El tiempo y la eficacia son otras ventajas del arbitraje, ya que "se obtiene un laudo o sentencia firme en una media de dos meses para los impagos de cuotas y en menos de cuatro meses para otros problemas", afirma Carlos Ruiz, gerente de la Asociación para el Fomento del Alquiler (Arrenta). Esto supone ahorrarse una demora de entre seis y ocho meses de media para obtener sentencia si se acude a la justicia ordinaria. "Mediante los juzgados el sistema es lento y si el propietario alega que no quiere declarar, el procedimiento puede cambiar y alargarse", añade el gerente.

No obstante, el proceso monitorio sigue siendo una vía de solución muy aceptada, puesto que "su virtud es que si el moroso no paga o se opone al monitorio la ley prevé que se puede proceder al embargo", señala Teodoro García, abogado de Martínez-Echevarría, Pérez y Ferrero Abogados.
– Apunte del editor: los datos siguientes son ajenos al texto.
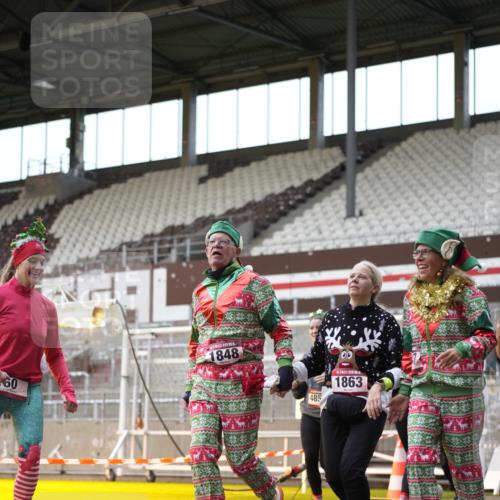 07.12.2025 - St. Pauli X-Mass-Run No. 15 Patografie http://msf.ph/oto/9392043 07.12.2025 10:47:21 Ziel 60, 78, 309, 522, 523, 1171, 1182, 1819, 1847, 1848, 1863, 2200, 2683, 2684, 3101, 3102, 3104, 3105, 3360, 4853, 4868, 4869 meine-sportfotos.de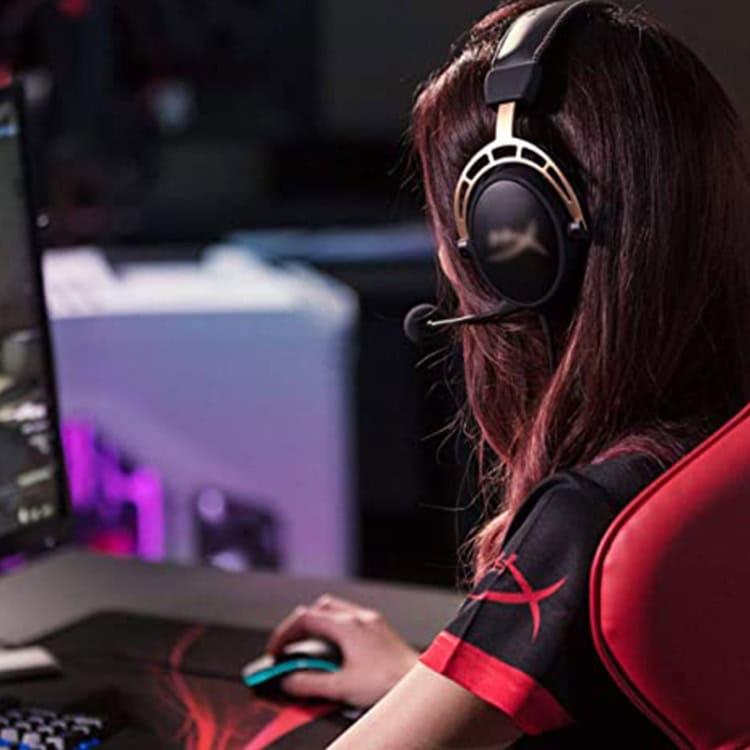 HyperX Cloud Alpha S Clear Voice Microphone: Replacement ZS0201, Improved Pickup 7 Gaming Streamer Using High-Quality Headphones At A Gaming Setup With Vibrant Led Lighting For Immersive Gameplay.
Más morosos y lo que nos queda...

Los juicios por morosidad -en términos generales, no solo de vivienda- no han dejado de aumentar a lo largo del año. Se han incrementado más de un 45% en el segundo trimestre de 2010, según datos del Consejo General del Poder Judicial (CGPJ). Este considerable crecimiento conlleva una importante carga de trabajo para los juzgados, que se ven desbordados y acumulan casos sin resolver. Las cifras del CGPJ manifiestan que tan solo el 8,7% de los procesos monitorios acaban en pago.

'La situación económica ha hecho que se deje de abonar la comunidad para pagar otras cosas'

Según el informe de Arrenta, la morosidad entre las comunidades de propietarios ha subido un 19%, lo que representa un crecimiento de tres puntos en los tres primeros meses del año. Incluso, se prevé que la proporción siga en aumento. "La situación económica ha hecho que se deje de abonar la comunidad para pagar otras cosas y, por ello, cada vez hay más impago", advierte el gerente Carlos Ruiz.

No abonar cuota o derrama genera importantes conflictos entre las comunidades de propietarios, que pueden derivarse incluso en problemas de convivencia. "A los propietarios les cuesta trabajo hacer pagos extraordinarios lo que causa un daño importante en la comunidad", señala Marcial Tarin, secretario del Consejo General de Colegios de Administradores de Fincas. "Hay quien tiene la idea de que 'si el de al lado no paga, yo no pago', por lo que se crean disputas entre los propietarios", comenta.

Sin embargo, existen asociaciones que tratan de solventar los problemas de morosidad de una forma rápida y amistosa, como la Asociación española para la Prevención de Impagados y Morosos (AEPIM). Su presidente, Carlos García, destaca que lo esencial es "que primero se actúe contra los morosos a través de todos los medios amistosos para que se produzca el pago". Y si no, siempre quedará la vía legal.